At 4 years after index procedure, 75 of 89 patients with Superion (84.3%) demonstrated clinical success on at least 2 of 3 ZCQ domains. Individual component responder rates were 83% (74/89), 79% (70/89), and 87% (77/89) for ZCQss, ZCQpf, and ZCQps; 78% (67/86) and 66% (57/86) for leg and back pain VAS; and 62% (55/89) for ODI. Patients with Superion also demonstrated percentage improvements over baseline of 41%, 40%, 73%, 69%, and 61% for ZCQss, ZCQpf, leg pain VAS, back pain VAS, and ODI. Within-group effect sizes all were classified as very large (>1.0): 1.49, 1.65, 1.42, 1.12, and 1.46 for ZCQss, ZCQpf, leg pain VAS, back pain VAS, and ODI.
Minimally invasive implantation of the Superion device provides long-term, durable relief of symptoms of intermittent neurogenic claudication for patients with moderate lumbar spinal stenosis.
使用Superion装置对中度腰椎管狭窄症患者进行微创独立棘突间减压,以确定其4年的临床疗效。
4年的Superion数据来自一项随机对照的美国食品药品监督管理局研究器械豁免试验。纳入经至少6个月非手术治疗失败、后伸位可缓解间歇性神经源性跛行的患者。疗效指标包括苏黎世跛行问卷(ZCQ)症状严重程度(ss)、身体功能(pf)和患者满意度(ps)子域、腿部和背部疼痛视觉模拟量表(VAS)以及Oswestry功能障碍指数(ODI)。在4年随访时,122例患者中的89例(73%)提供了完整的临床疗效评估。

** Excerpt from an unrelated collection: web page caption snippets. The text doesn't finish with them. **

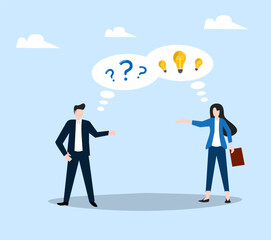 business people with bubbles question and idea 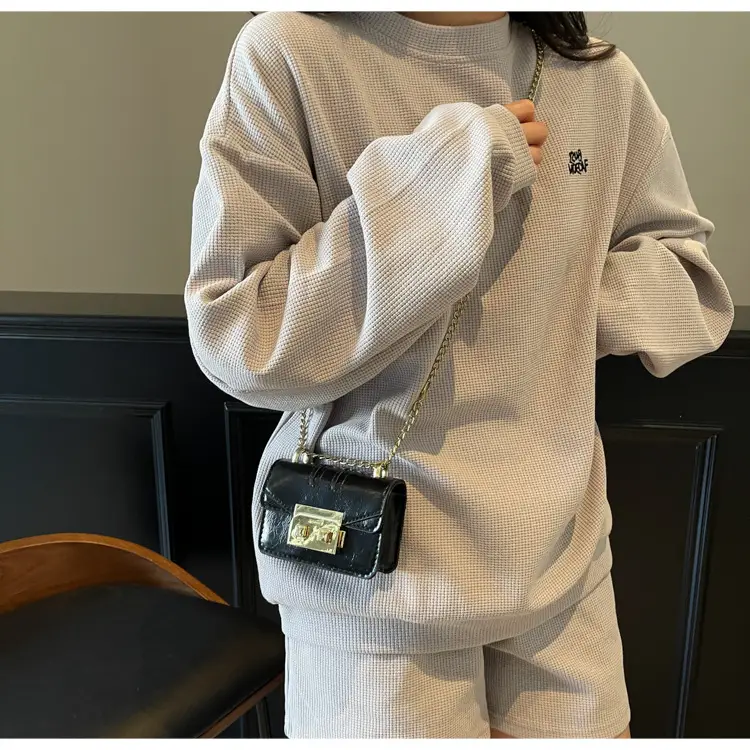 Mini Square Bag Light Blue Gold Chain Shoulder Crossbody — feature 11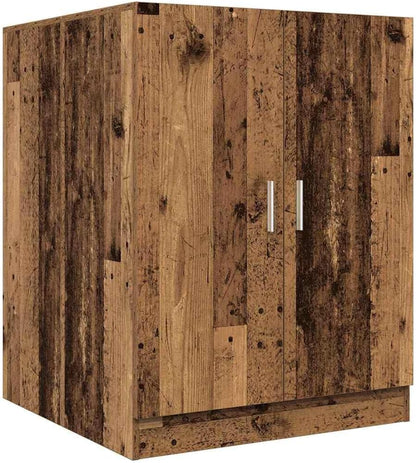 Wasmachinekast – Wasruimte Kast – Badkamerkast – Bijkeukenkast – Opbergkast – Oud Hout Kleur – 2 Deuren – Vochtbestendig & Duurzaam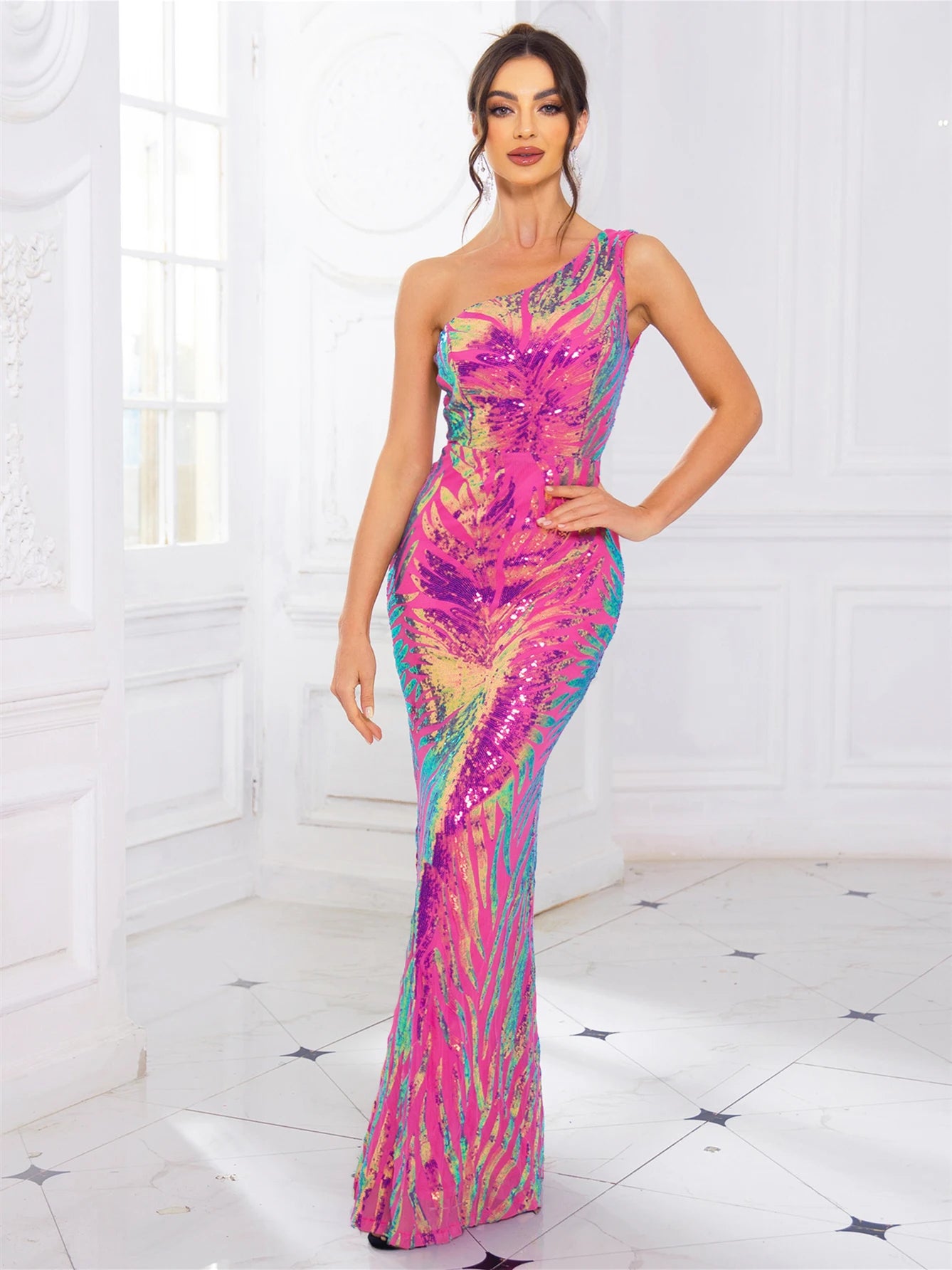 One Shoulder Sequin Maxi Evening Dress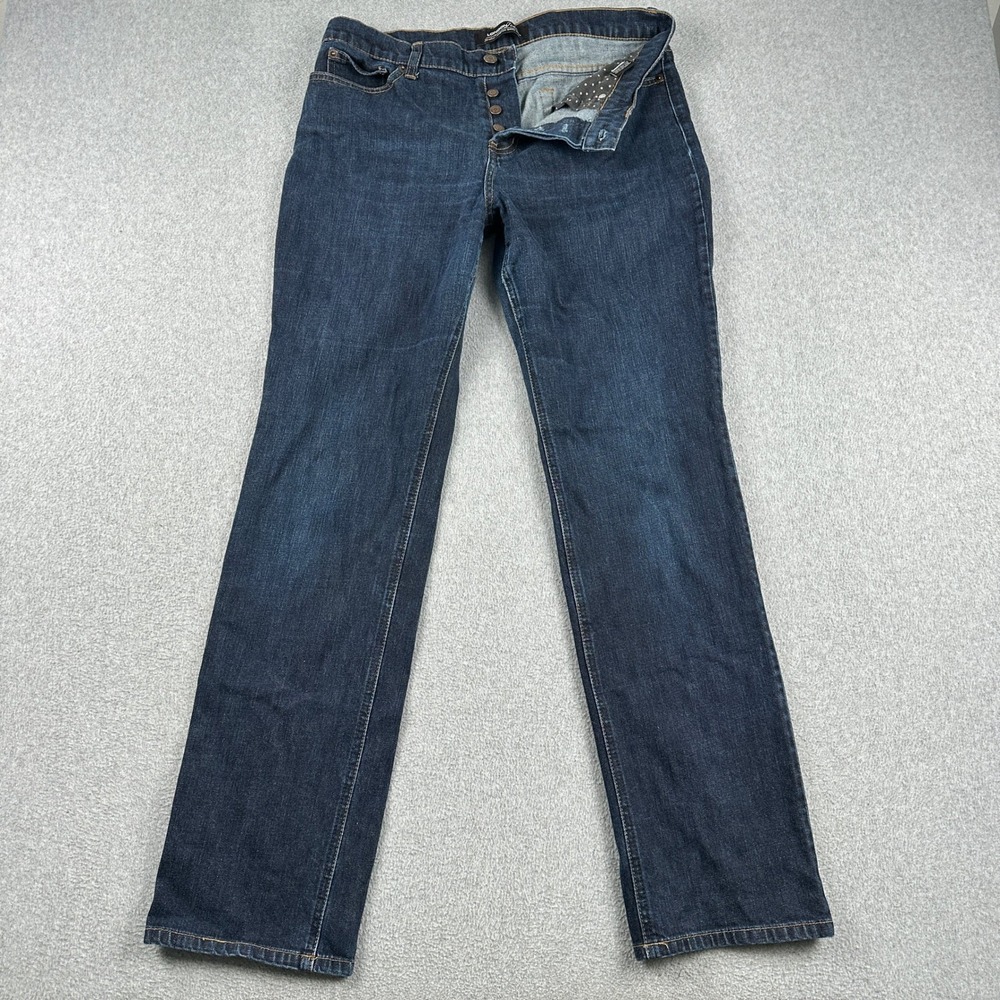 London Jean Jeans Womens 12 Stretch Blue Button Fly Straight Leg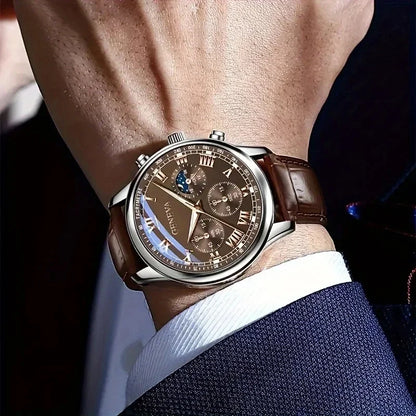 Roman Numeral Leather Strap Quartz Watch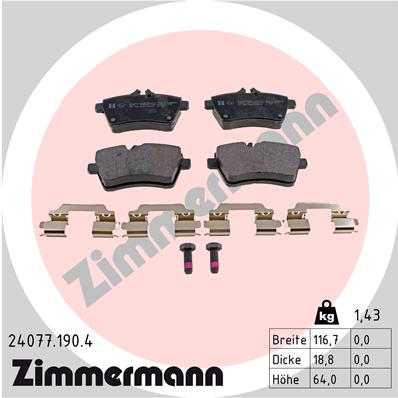 Bremsbelagsatz, Scheibenbremse Vorderachse Zimmermann 24077.190.4 von Zimmermann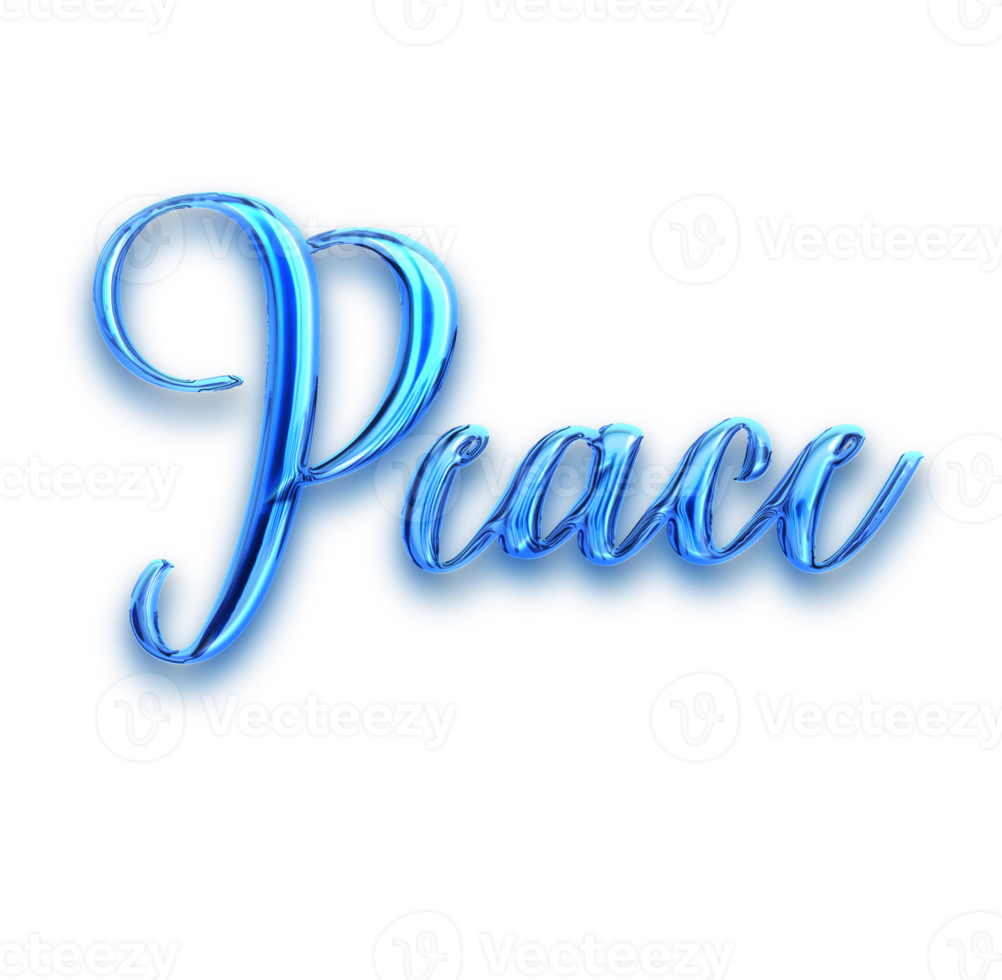 Blue volumetric 3D Text of the inscription Peace isolated cut out png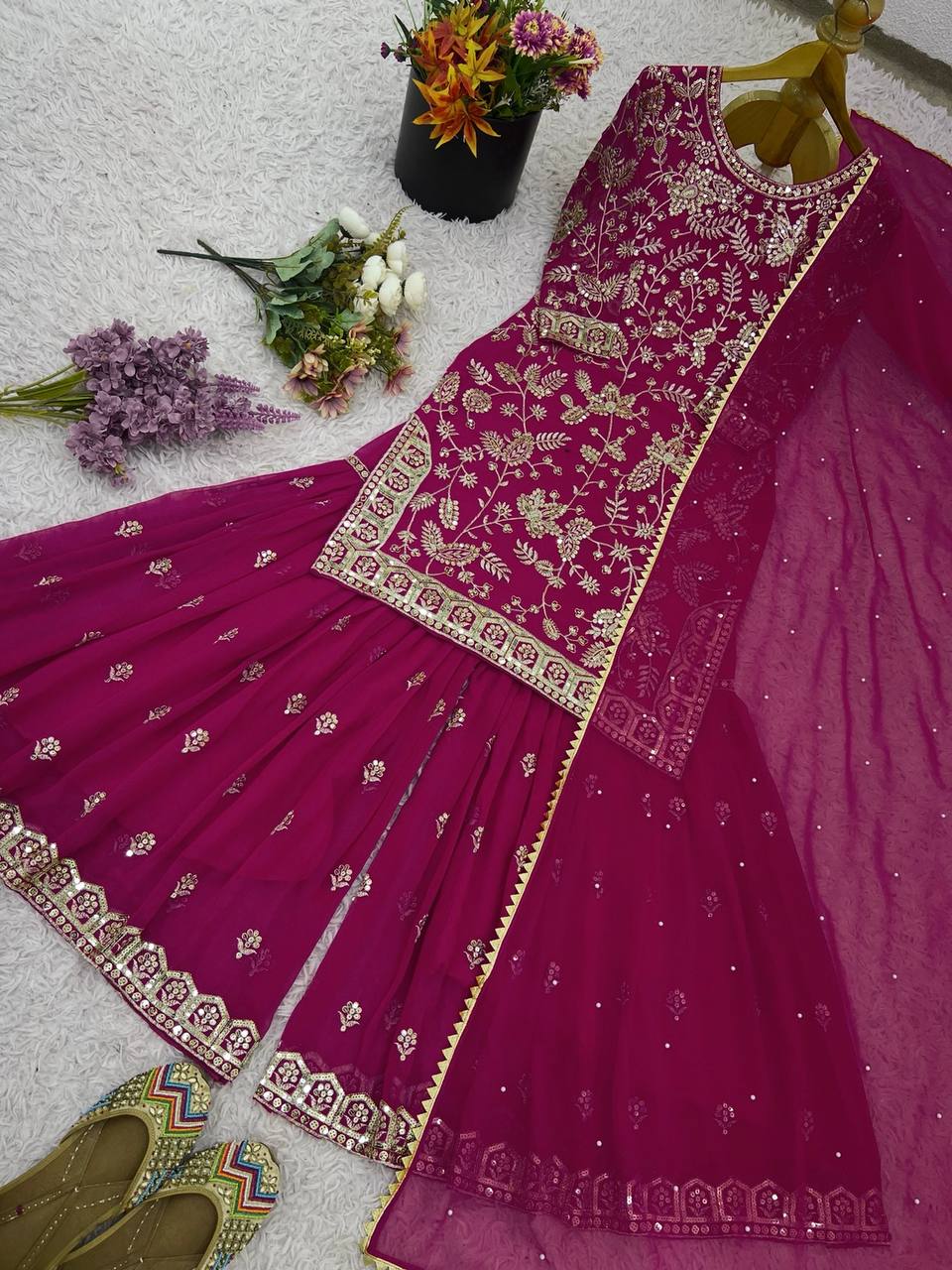 Designer Wedding Wear Plazzo Embroidery & Sequence Work Set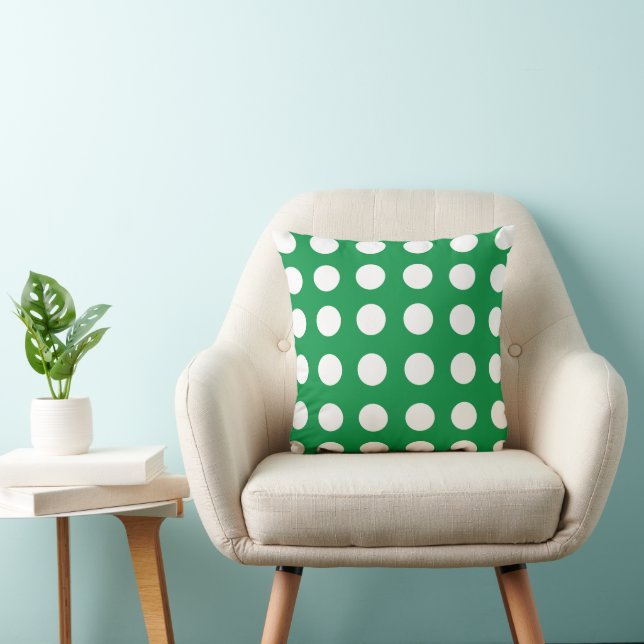 Green White Polka Dot Vintag Retro Kissen (Stuhl )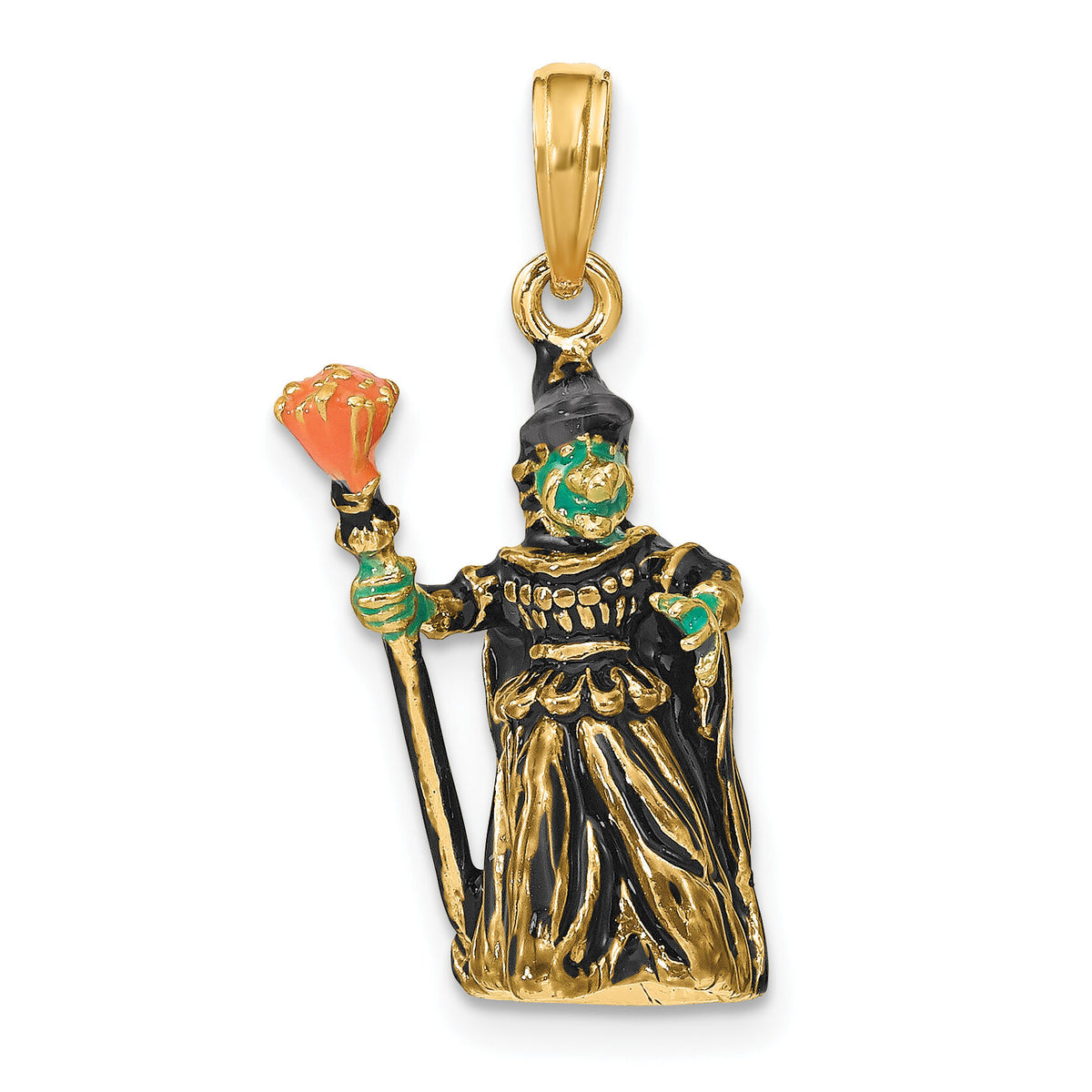 14K 3-D Enameled Witch w/Broom Charm-K6888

在初次手术后4年,89例接受Superion治疗的患者中有75例(84.3%)在ZCQ的3个域中的至少2个域显示临床成功。ZCQss、ZCQpf和ZCQps的个体成分缓解率分别为83%(74/89)、79%(70/89)和87%(77/89);腿部和背部疼痛VAS分别为78%(67/86)和66%(57/86);ODI为62%(55/89)。接受Superion治疗的患者在ZCQss、ZCQpf、腿部疼痛VAS、背部疼痛VAS和ODI方面相对于基线的改善百分比分别为41%、40%、73%、69%和61%。组内效应量均被分类为非常大(>1.0):ZCQss、ZCQpf、腿部疼痛VAS、背部疼痛VAS和ODI分别为1.49、1.65、1.42、1.12和1.46。
微创植入Superion装置可为中度腰椎管狭窄症患者提供长期、持久的间歇性神经源性跛行症状缓解。